‘I am still very passionate to go out there, be there in the middle and win games for India. I know there is still room for improvements in terms of my batting and that is something I am working on... There are certain dimensions I would like to add to my batting...’
Shortly after she had let her bat do all the talking amid criticism of her strike rate, record-breaking Indian women's team skipper Mithali Raj hit back at her detractors, saying "I don't seek validation from people" after playing for so long.
Mithali, on Saturday, became the highest run-getter in women's cricket across formats while guiding India to a four-wicket win over England in the third and final ODI here.
As the discussion turned to the criticism around her strike rate at the post-match press conference, she responded strongly.
"I do read that the criticism is about my strike rate, but as I have said earlier also, I don't seek validation from people. I've played for a long time and I know that I have a certain responsibility in the team," Mithali said at the virtual press conference.
She made an unbeaten 75 off 86 balls.
"I don't look to please people. I'm here to play the role that is assigned to me by the team management. When you're chasing a target you pick your bowlers, you pick your length, you pick the areas.

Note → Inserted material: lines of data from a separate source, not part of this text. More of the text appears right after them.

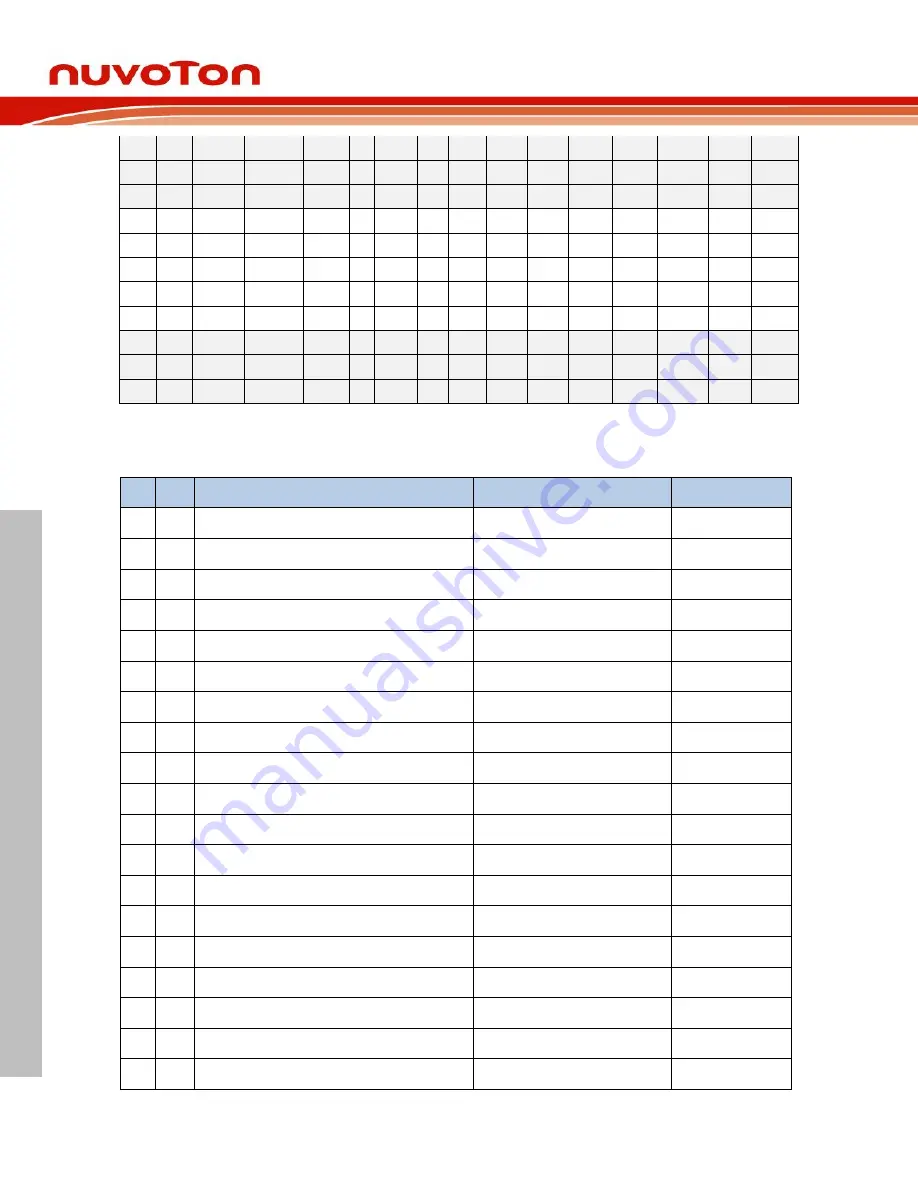 Nuvoton NuMicro NuMaker-HMI-N9H20 User Manual Download Page 24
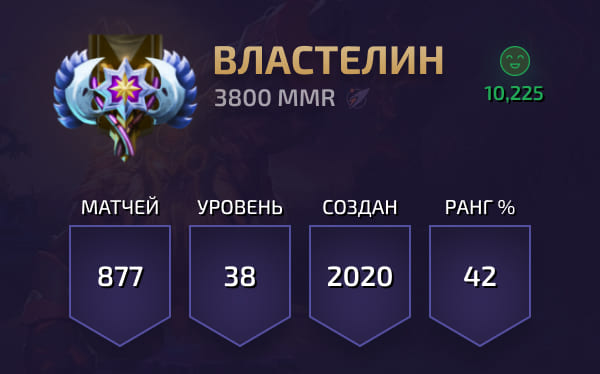 Dota 2 - 3800 MMR (ВЛАСТЕЛИН)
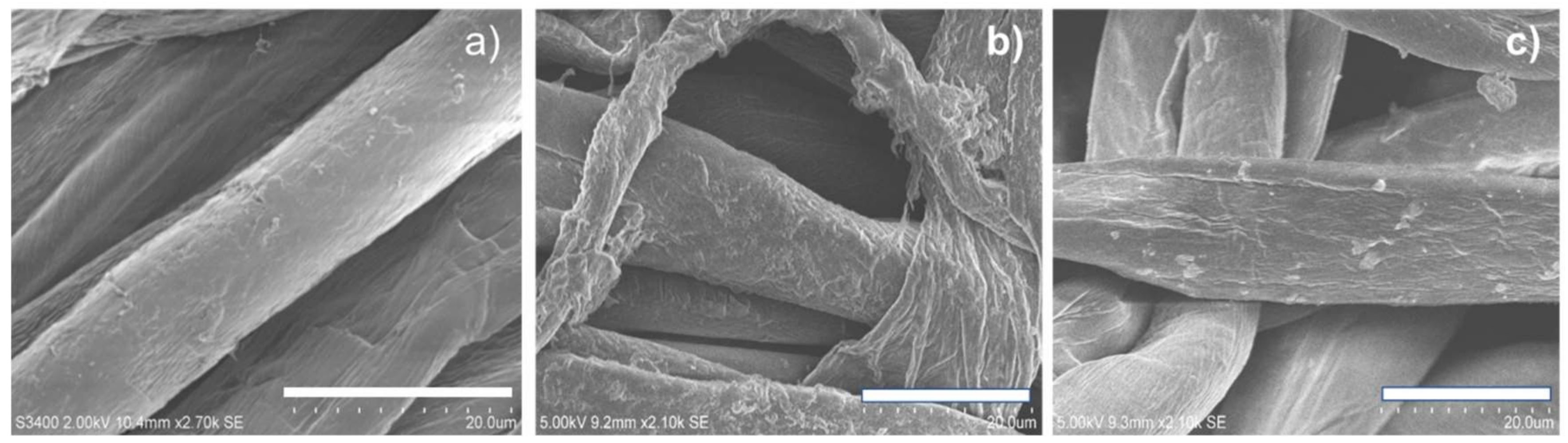 Molecules 27 08737 g001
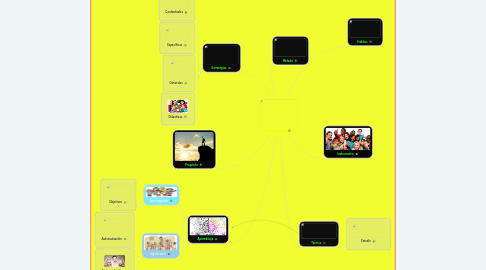 Mind Map: Estrategias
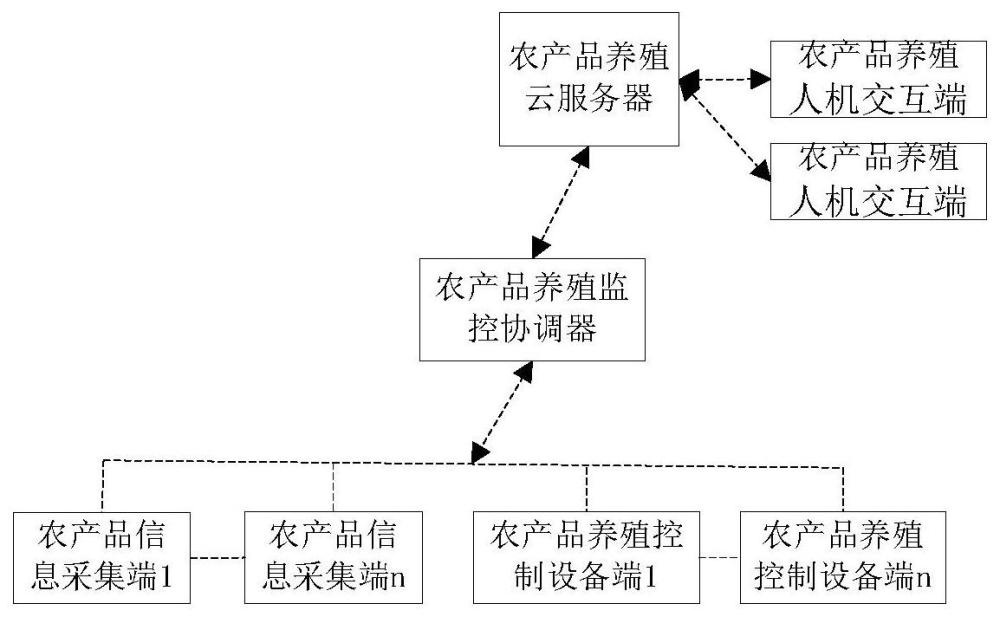 一种农产品养殖环境控制方法、装置及物联网系统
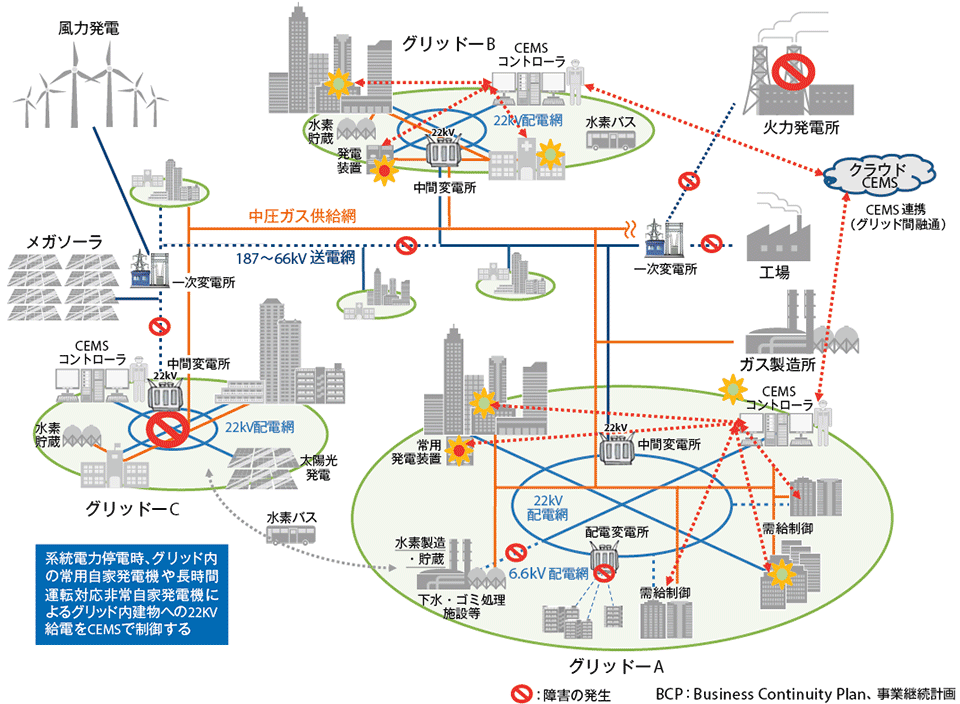 図3 提唱する2030年に目指すべき都市インフラのBCP機能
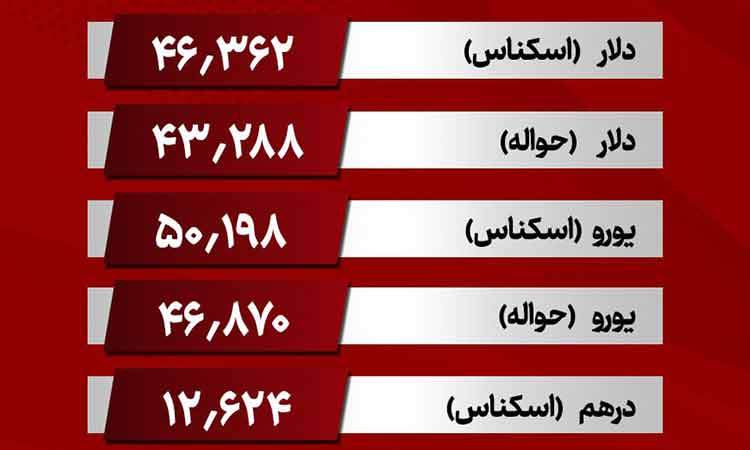 آخرین قیمت ارزهای مبادله‌ای/ دلار کاهشی شد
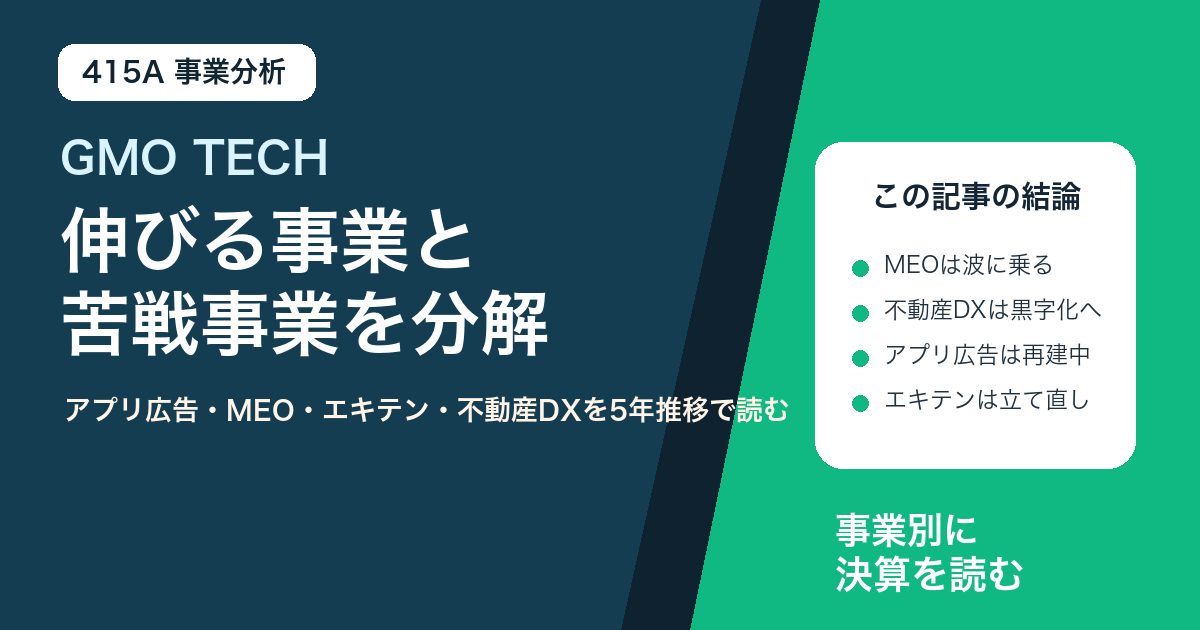 GMO TECH事業別分析サムネイル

"Because I'm in good flow, I need to make the best use of me in the middle and the entire batting unit revolves around me," said Mithali.
The ODI skipper said she only follows the instructions of the team management.
"That's the job that is given to me by the coach and I look forward to sort of not get bogged down because at some point I know that the top order is already in the dugout and it was important for me to understand the situation and how I can manoeuvre and try to get the match close as possible with the batters who are yet to come."
Mithali surpassed former England batter Charlotte Edwards' record for most runs when she went past 10,273.
Despite playing international cricket for over two decades, Mithali said her hunger for runs remains the same as she looks to add "new dimensions" to her batting.
"The way things have gone it wasn't an easy journey. It had its trials and challenges. I always believed that trials have a purpose," she said about her journey that started in Milton Keynes against Ireland on June 26, 1999.
"There were times when I wanted to give up for various reasons but something kept me going and here I am -- 22 years of international cricket -- but the hunger for runs have never sort of dried up.
"I am still very passionate to go out there, be there in the middle and win games for India. I know there is still room for improvements in terms of my batting and that is something I am working on... There are certain dimensions I would like to add to my batting..." she said.
Mitahli, who has retired from T20 cricket in 2019, has already hinted that next year's ODI World Cup, to be held in New Zealand from March 4 to April 3, could be her last hurrah.
"Chasing gives me a better picture of building an innings along with other batters in the middle. I am able to control the game. That really worked for me and also having some young girls in the team, it helps to guide them when you are in the middle."
Mithali heaped praise on all-rounder Sneh Rana, with whom she shared a valuable 50-run stand for the seventh wicket on Saturday, and said she has a bright future.
"Need to give credit to Sneh Rana because that partnership was very crucial. Definitely, at that slot we have always looked for somebody who have the shots to clear the field, strong shots all around and it helps to have a player who can also bowl.
She expects her deputy and T20 skipper Harmanpreet Kaur to hit form soon.
"It does happen with any player," Mithali said of Kaur's lean patch.
"Sometimes you're just not in form. But as a team and as a unit we back players who have been match-winners. We also know that single-handedly she has won games for us with her innings. This time around she needs the support of the team to back her."
She also backed young Jemmimah Rodrigues to get back to form.
"A young player -- obviously, she (Rodrigues) will take some time. It's just matter of experience and exposure for players like her.
"When a player goes through bad form, as (fellow) players, seniors, and team management we can give her the confidence and the backing, but it boils down to the player herself to have that belief to come out of the (bad) form."
Mithali said the win in the third ODI augurs well for the team going into the three-match T20 series, which starts on July 9.
"Yes, it is a confidence-booster because that's what I told the girls, I said - we're still in the series. Winning a game like this puts pressure on them. Getting into the T20s, the entire unit should be confident."